Мадам Пушар помешала ложечкой шоколад, пригубила и поставила чашку на блюдце. Мы помолчали, оба во власти воспоминаний.
— Она поступила в Государственную консерваторию, там и учится. Если вы хотите ее найти, я бы на вашем месте для начала наведалась туда.
Я обеспечил мадам Пушар запасом печенья и шоколадок, мы вместе перешли через улицу и купили ей блок сигарет, и я проводил ее в пансион.
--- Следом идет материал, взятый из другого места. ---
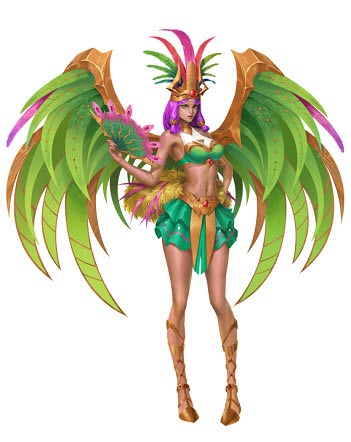 末日危城四周年版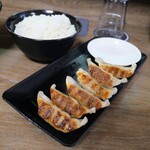 中華そば いち風 -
Прощаясь, я обещал, что приеду летом и поведу ее гулять на пляж. Старушка посоветовала мне вести машину осторожно и пристегивать ремень. В мои годы, добавила она, еще стоит поберечь себя.
Я выехал в сумерках, провел за рулем большую часть ночи и приехал как раз вовремя, чтобы вернуть машину и заступить на дежурство.
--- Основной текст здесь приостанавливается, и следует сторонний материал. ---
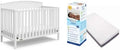 Graco Benton 5 in 1 Convertible Crib by Graco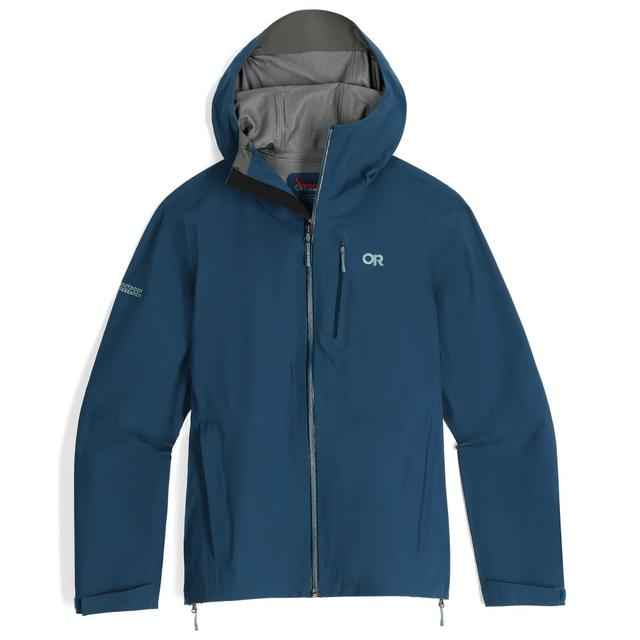 Women's Aspire 3L Jacket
* * *Сразу после возвращения я сменил белый халат на костюм детектива. Консерватория находилась довольно далеко от больницы, на площади Оперы, туда можно было добраться на метро с двумя пересадками. Здание консерватории стояло прямо за театром. Проблема заключалась в моей вечной занятости. Приближалась сессия, между занятиями и дежурствами я если и мог выкроить свободный часок, то лишь поздно вечером. Только через десять дней я сумел попасть в консерваторию до закрытия, да и то двери уже начали запирать, хоть я и бежал что было сил по переходам метро. Сторож предложил мне прийти завтра, но я упросил его впустить меня. Мне непременно надо было попасть в секретариат.